Fundamental theorem: The empirical spectral distribution (ESD) of \(W_n / \sqrt{n}\) converges weakly to the semicircle law with density

\[\rho_{\text{sc}}(x) = \frac{1}{2\pi\sigma^2} \sqrt{4\sigma^2 - x^2} \quad \text{for } |x| \le 2\sigma\]

This is one of the most important results in RMT:

The eigenvalues of a large random Hermitian matrix are distributed according to a smooth density.
The support is an interval (with semicircle shape when plotted).
This holds under very general conditions on the entries (Wigner’s semicircle law).

Mechanism: The semicircle law emerges from a balance between the random perturbations and the growing dimension \(n\). When we scale by \(1/\sqrt{n}\), the spectrum stabilizes in the limit.

Probability measures and density of states

In the context of RMT, a probability measure \(\mu\) on \(\mathbb{R}\) (or \(\mathbb{C}\)) represents the distribution of eigenvalues. The density of states or empirical spectral distribution is the histogram of eigenvalues normalized to be a probability measure.

For a deterministic or random Hermitian matrix \(M_n\) with eigenvalues \(\lambda_1, \ldots, \lambda_n\), the empirical spectral distribution is

\[\mu_n = \frac{1}{n} \sum_{j=1}^{n} \delta_{\lambda_j}\]

In the limit \(n \to \infty\), the weak limit of \(\mu_n\) is the limiting spectral distribution. The semicircle law is an example of such a limit.

2. Weingarten Calculus for Unitary Groups

Motivation and formal setup

When a unitary matrix \(U\) is drawn from Haar measure on \(U(n)\), the entries \(U_{ij}\) are random variables satisfying \(U^* U = I\). A fundamental problem is computing expectations of polynomials in these entries, such as

\[\mathbb{E} U_{i_1 j_1} U_{i_2 j_2} \cdots U_{i_k j_k}\]

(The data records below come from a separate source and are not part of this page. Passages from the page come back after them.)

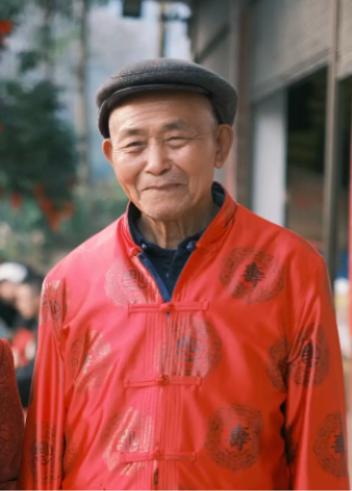 走失者照片 曲靖市宣威市寻人：八旬老人走失，穿...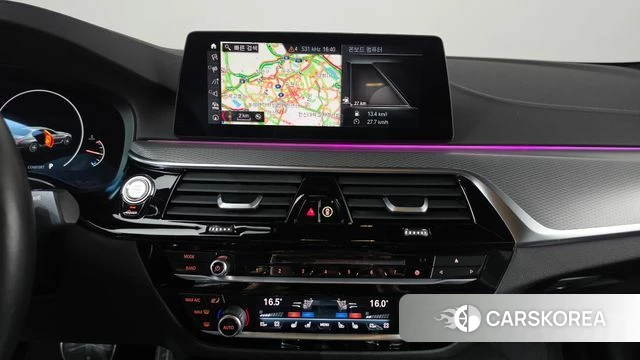 BMW 5 Series (G30) 2019 Белый из Кореи, фото 3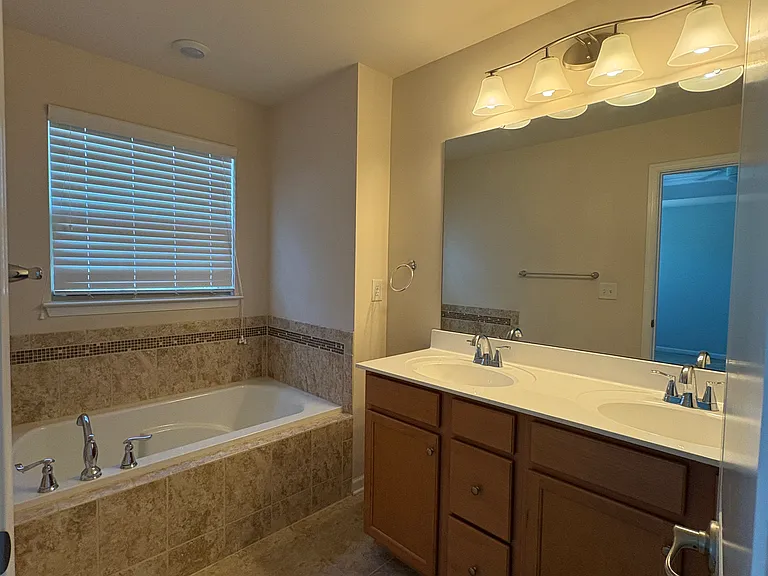4052 Zilker Park Dr — Photo 23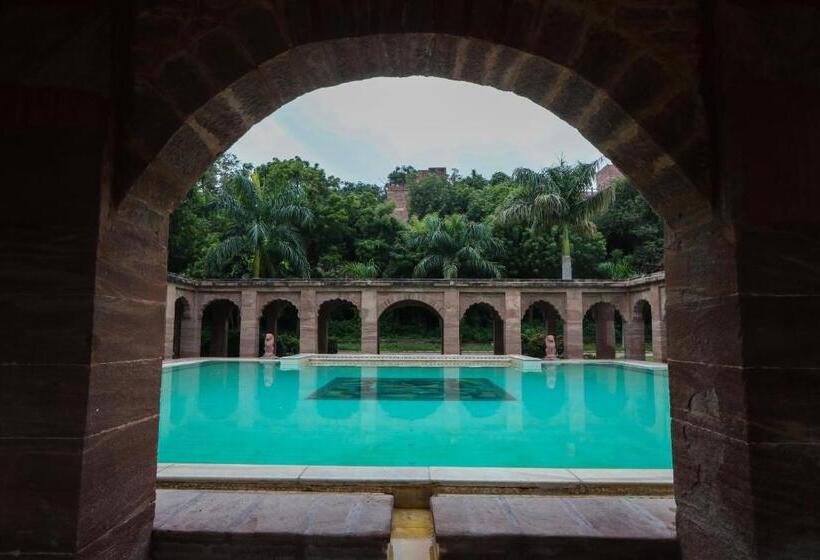 منتجع Welcomheritage Bal Samand Lake Palace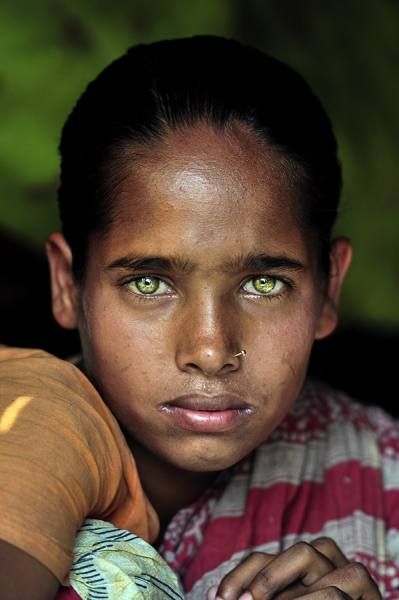 Gypsy Girl photographed by K M Asad- ONE EYELAND Most Beautiful Eyes, Stunning Eyes, Gorgeous Eyes, Human Face, People Of The World, Pretty Eyes, Interesting Faces, Cool Eyes, People Around The World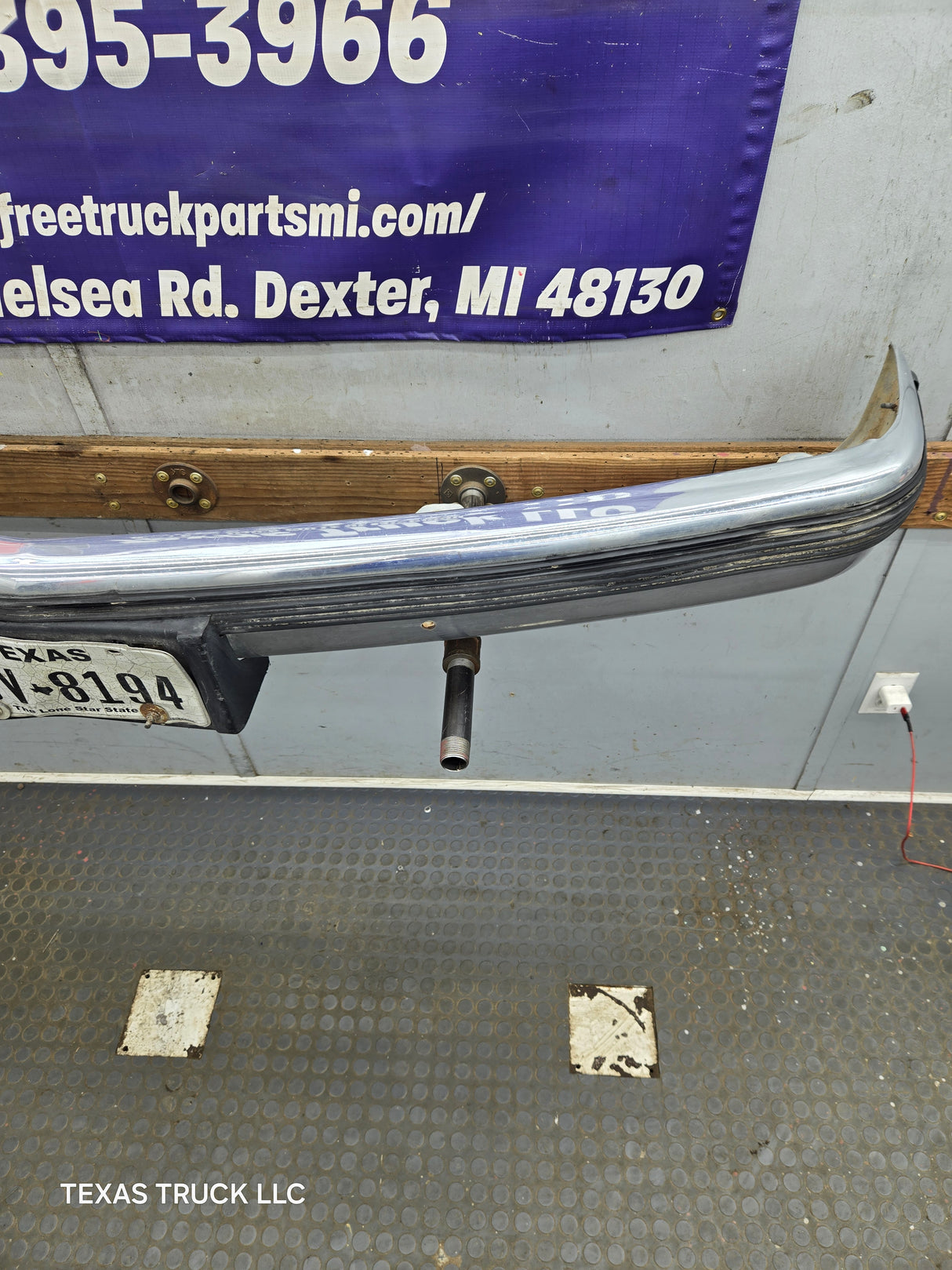 1988-1998 Chevrolet / GMC 1500 2500 3500 Front Bumper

The unitarity constraint makes direct computation difficult: the entries are not independent.

Weingarten calculus provides a systematic method to evaluate such expectations in terms of the Weingarten function, a quantity depending on \(n\) and combinatorial data (permutations).

The Weingarten function

Let \(\pi, \sigma \in S_k\) be permutations of \(\{1, \ldots, k\}\). The Weingarten function \(\text{Wg}(\pi \sigma^{-1}, n)\) is defined implicitly by the orthogonality relation:

\[\sum_{\tau \in S_k} \text{Wg}(\tau, n) \cdot \frac{\chi_\pi(\tau) \chi_\sigma(\tau)}{d_\tau}\]

where \(d_\tau\) is the dimension of the irreducible representation of \(S_k\) labeled by \(\tau\).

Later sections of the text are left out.